Problem description >> Please output exactly the lines from the one that holds "Dowan Ceramic French" through the final line of the data, and nothing else; leave out any pictures.
[Material supplied Boundary: Start]
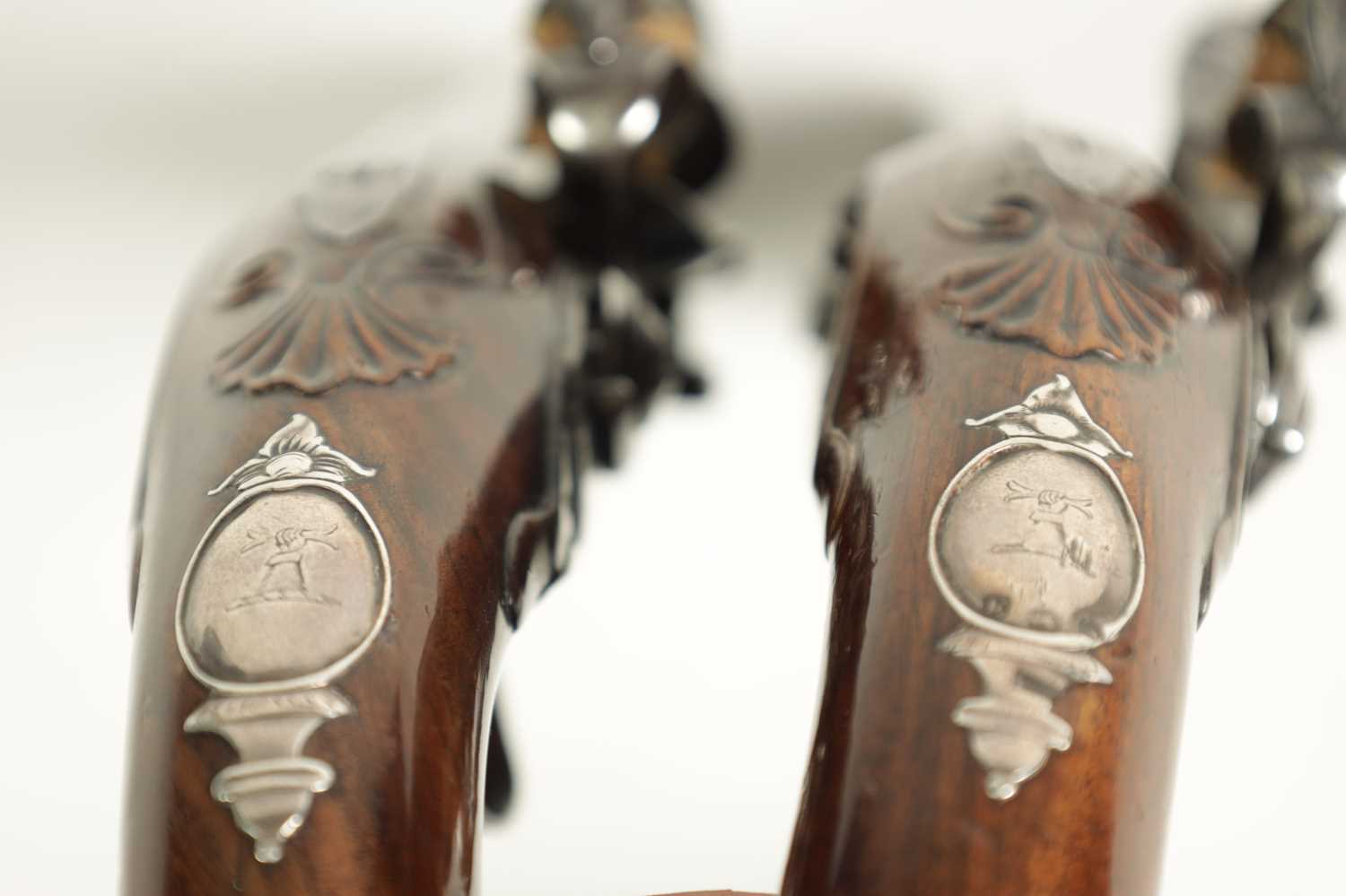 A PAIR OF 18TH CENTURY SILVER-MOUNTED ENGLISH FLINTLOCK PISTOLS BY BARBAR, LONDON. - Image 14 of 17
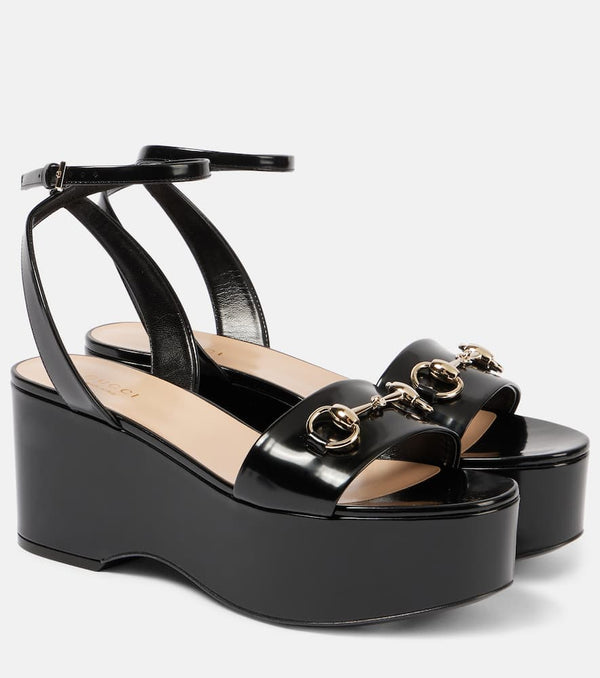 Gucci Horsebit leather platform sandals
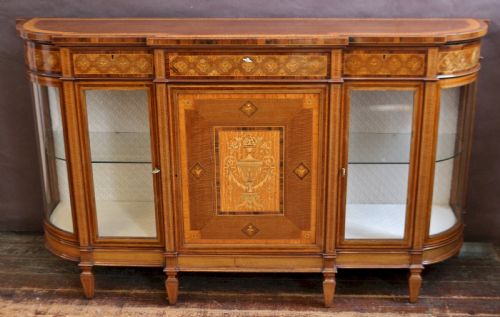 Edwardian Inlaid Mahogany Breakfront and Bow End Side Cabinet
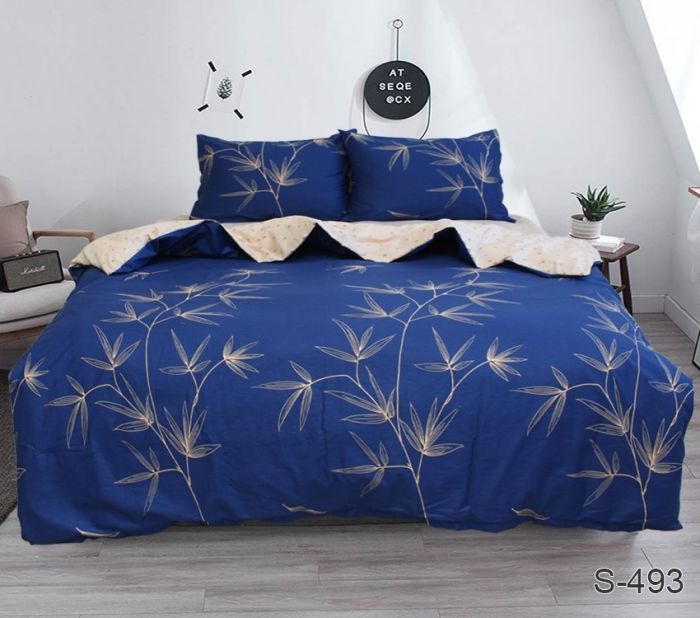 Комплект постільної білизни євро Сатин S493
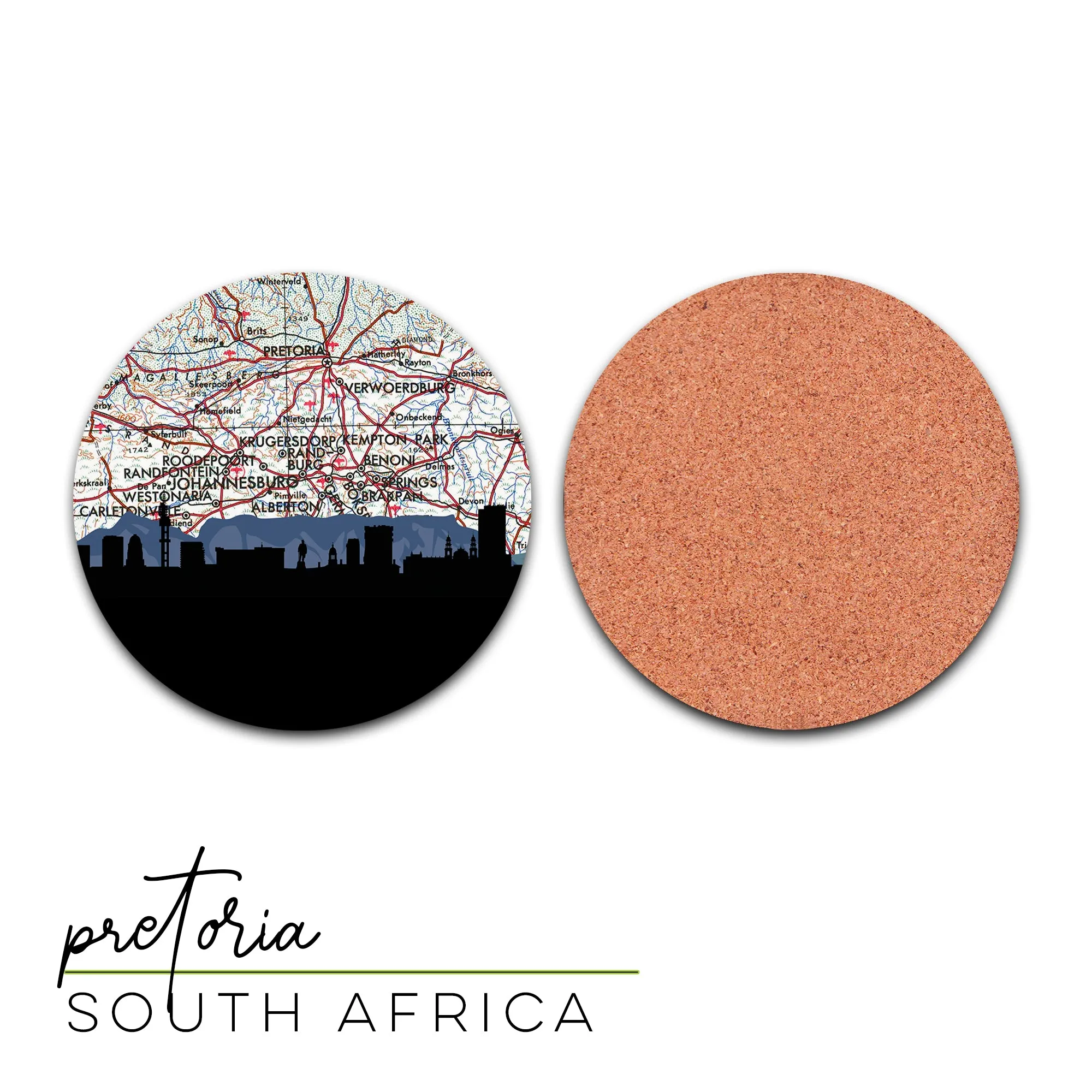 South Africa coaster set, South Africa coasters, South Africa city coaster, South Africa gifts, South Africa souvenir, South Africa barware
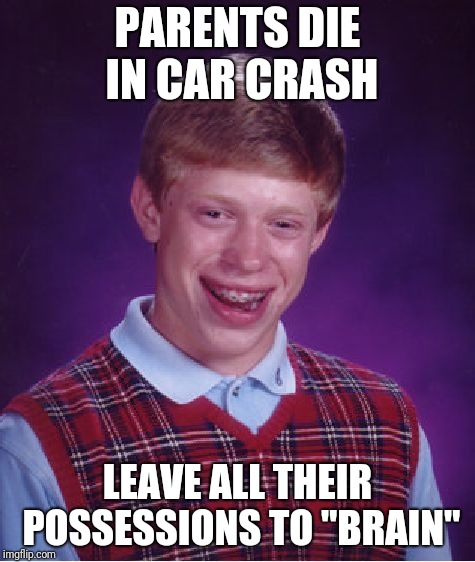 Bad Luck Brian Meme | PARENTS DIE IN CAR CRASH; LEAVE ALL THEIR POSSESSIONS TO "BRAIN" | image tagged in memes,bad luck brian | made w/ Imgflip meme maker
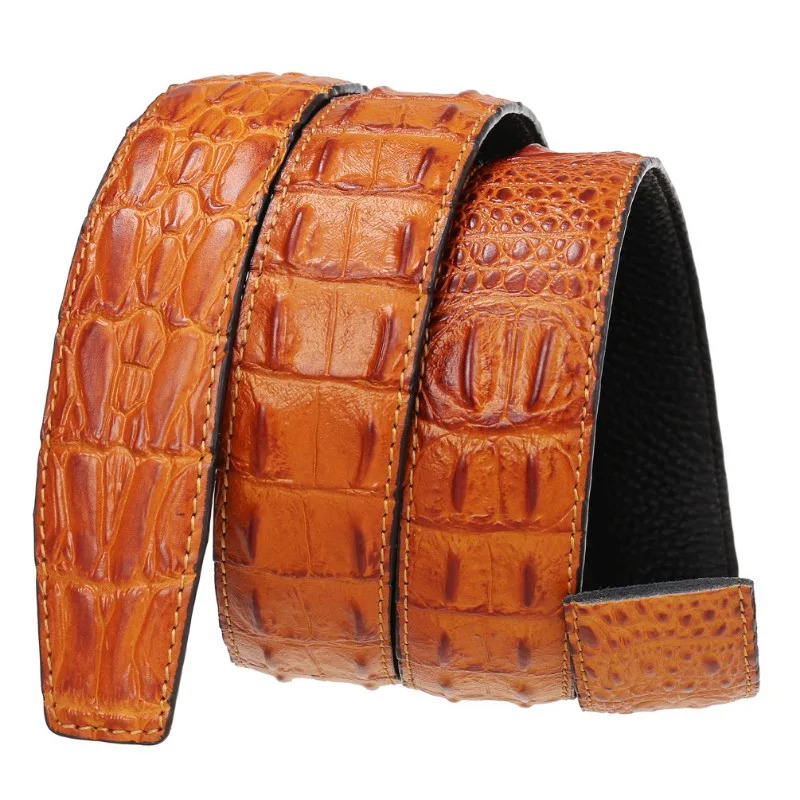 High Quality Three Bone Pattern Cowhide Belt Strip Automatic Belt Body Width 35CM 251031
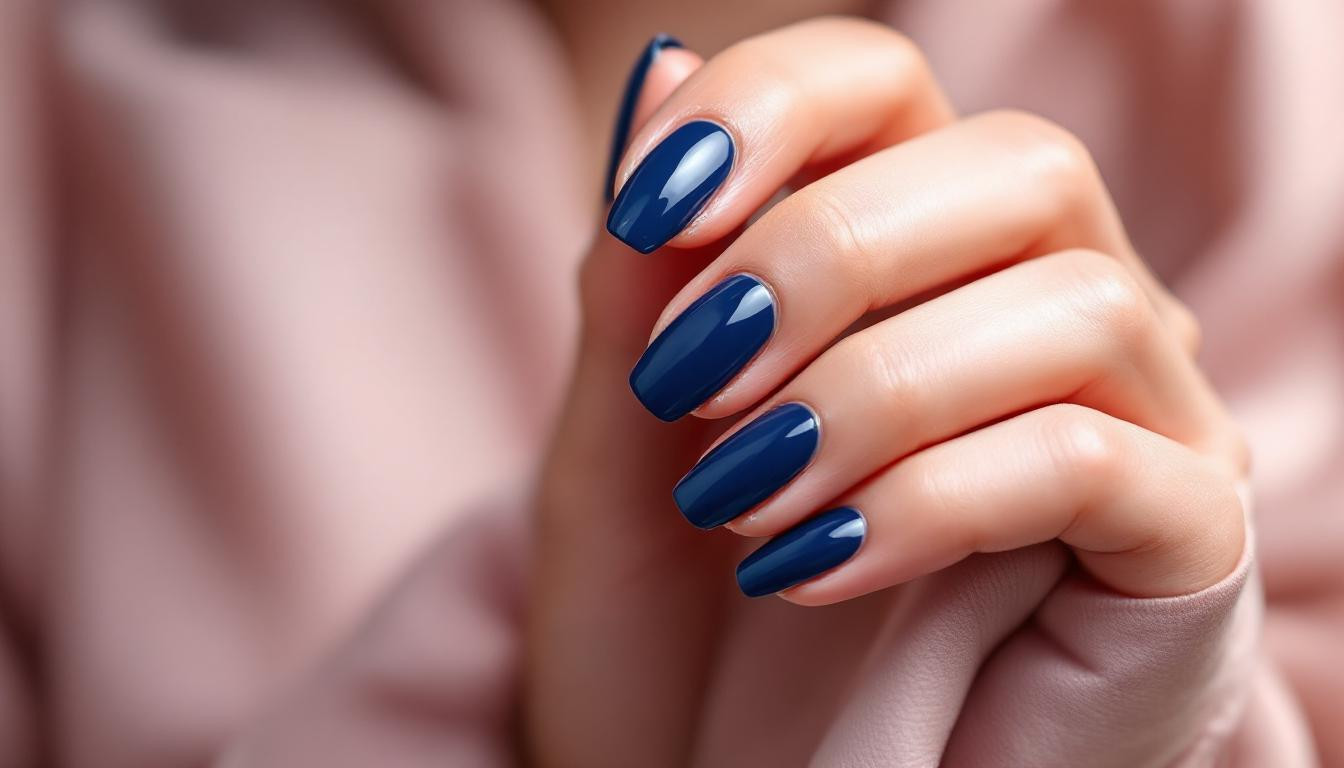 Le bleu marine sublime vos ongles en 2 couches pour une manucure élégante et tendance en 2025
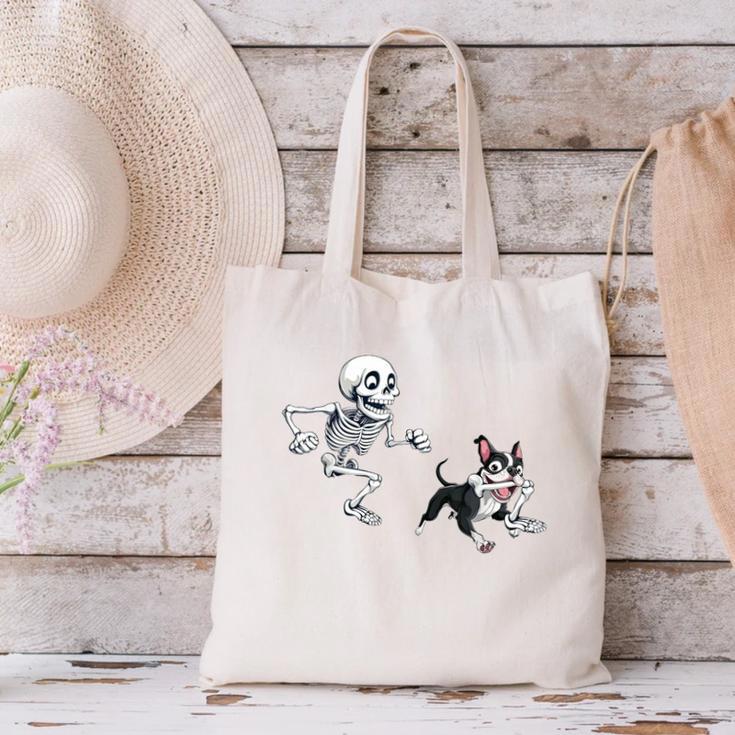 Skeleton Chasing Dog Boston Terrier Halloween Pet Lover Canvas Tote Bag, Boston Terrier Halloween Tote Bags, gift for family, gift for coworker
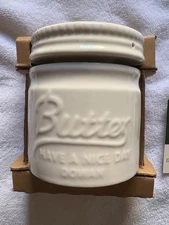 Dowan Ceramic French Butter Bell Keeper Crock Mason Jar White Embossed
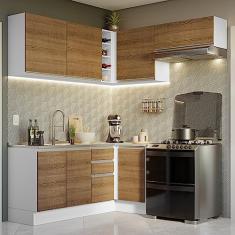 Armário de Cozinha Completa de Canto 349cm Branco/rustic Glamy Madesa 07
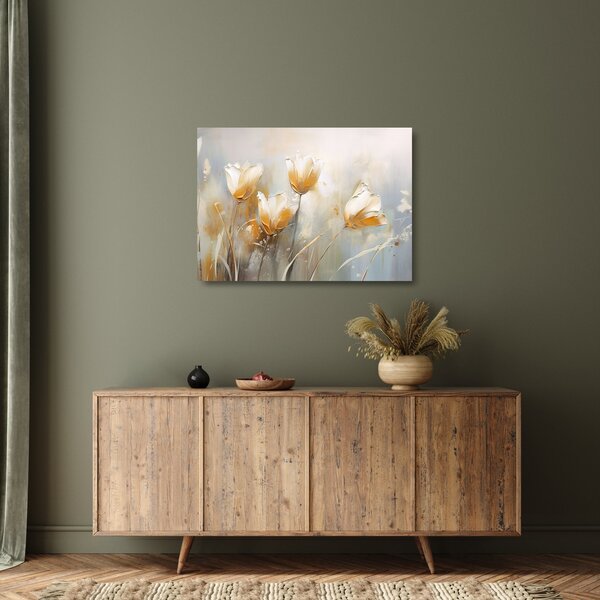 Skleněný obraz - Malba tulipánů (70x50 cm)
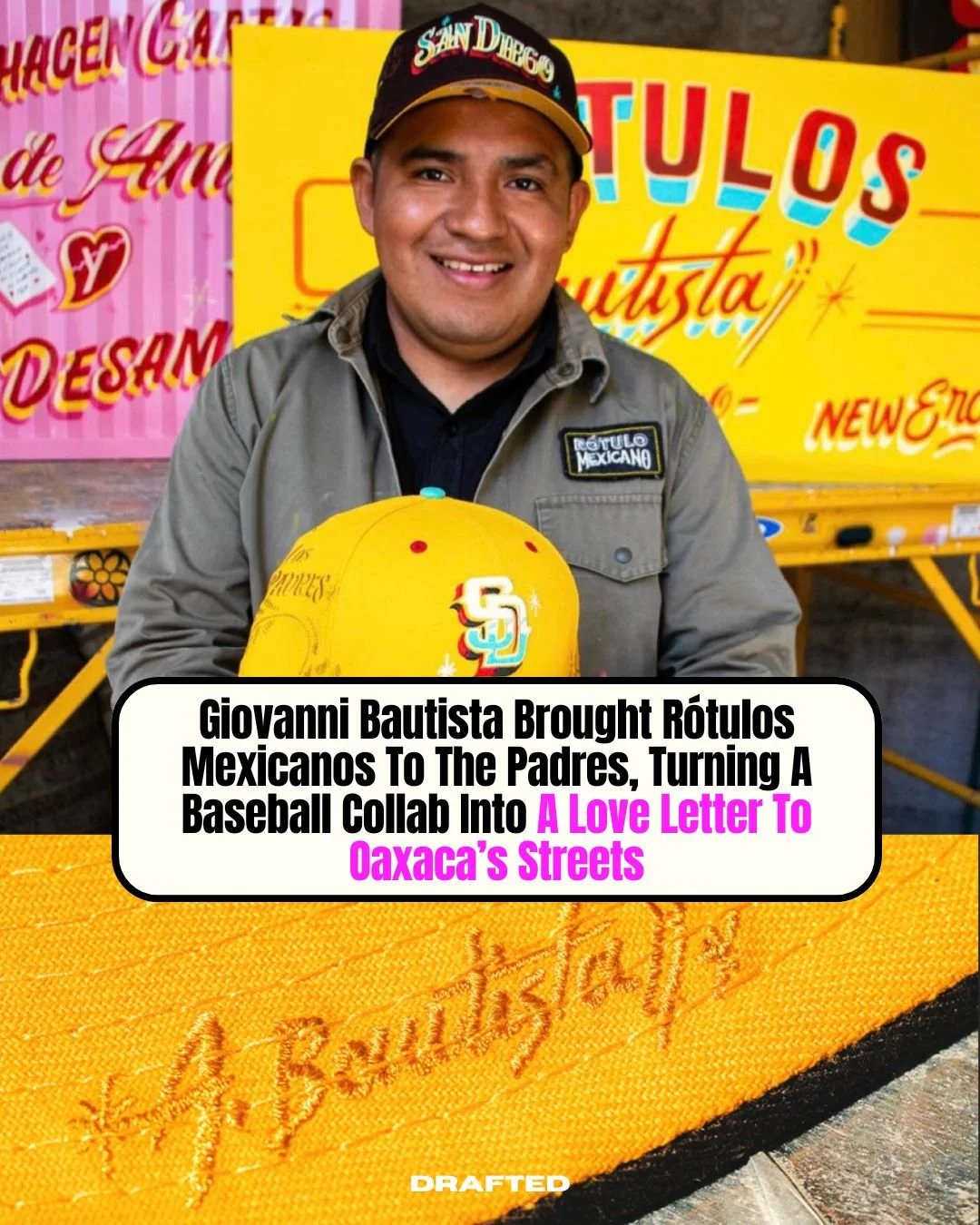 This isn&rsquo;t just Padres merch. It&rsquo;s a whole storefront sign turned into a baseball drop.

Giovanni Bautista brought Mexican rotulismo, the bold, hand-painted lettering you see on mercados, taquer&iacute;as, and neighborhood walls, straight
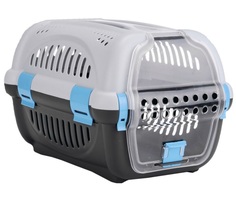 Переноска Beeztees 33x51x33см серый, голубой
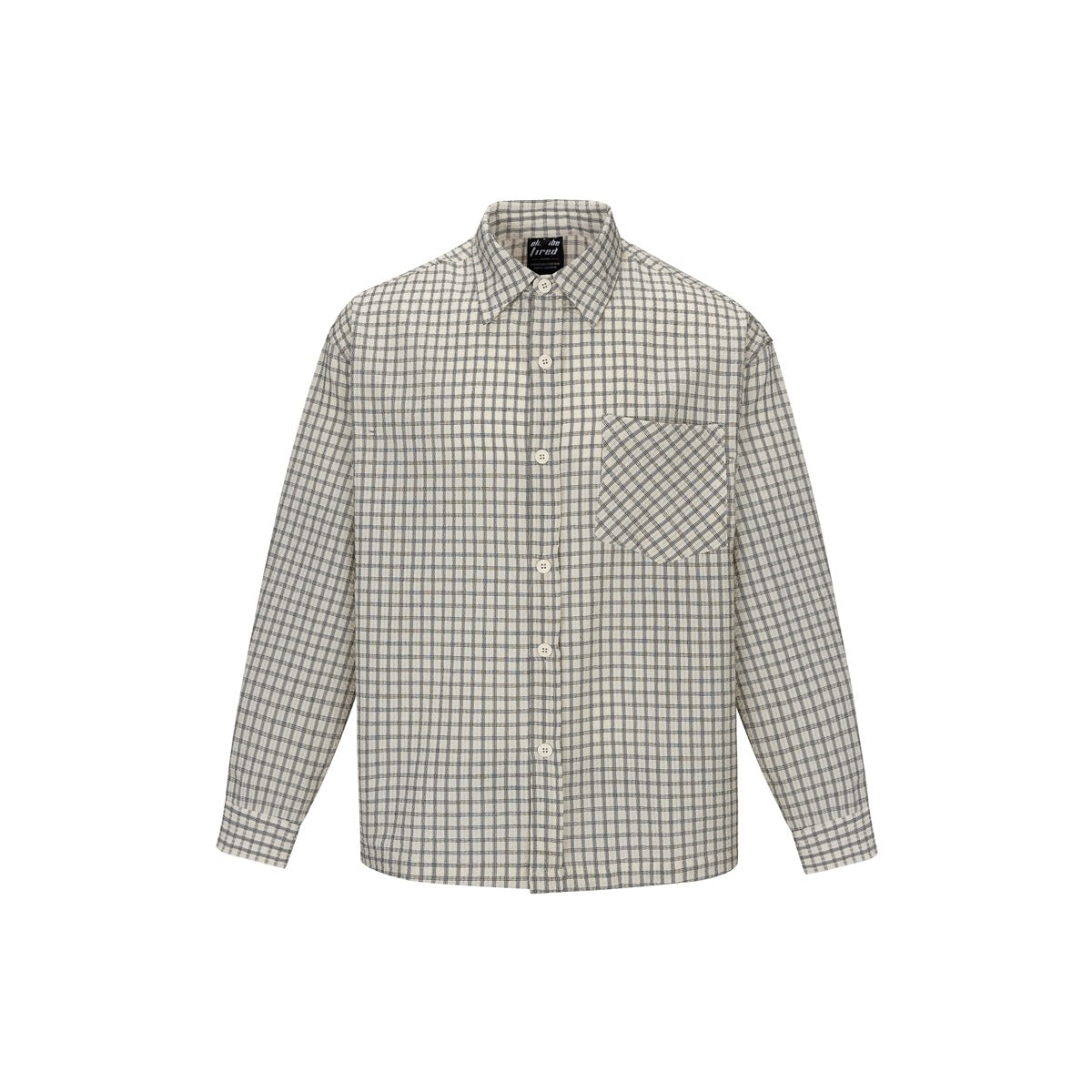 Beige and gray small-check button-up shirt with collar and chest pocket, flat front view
[Material supplied Boundary: End]
Response for this exercise >>
 Dowan Ceramic French Butter Bell Keeper Crock Mason Jar White Embossed
 Armário de Cozinha Completa de Canto 349cm Branco/rustic Glamy Madesa 07
 Skleněný obraz - Malba tulipánů (70x50 cm)
 This isn&rsquo;t just Padres merch. It&rsquo;s a whole storefront sign turned into a baseball drop.

Giovanni Bautista brought Mexican rotulismo, the bold, hand-painted lettering you see on mercados, taquer&iacute;as, and neighborhood walls, straight
 Переноска Beeztees 33x51x33см серый, голубой
 Beige and gray small-check button-up shirt with collar and chest pocket, flat front view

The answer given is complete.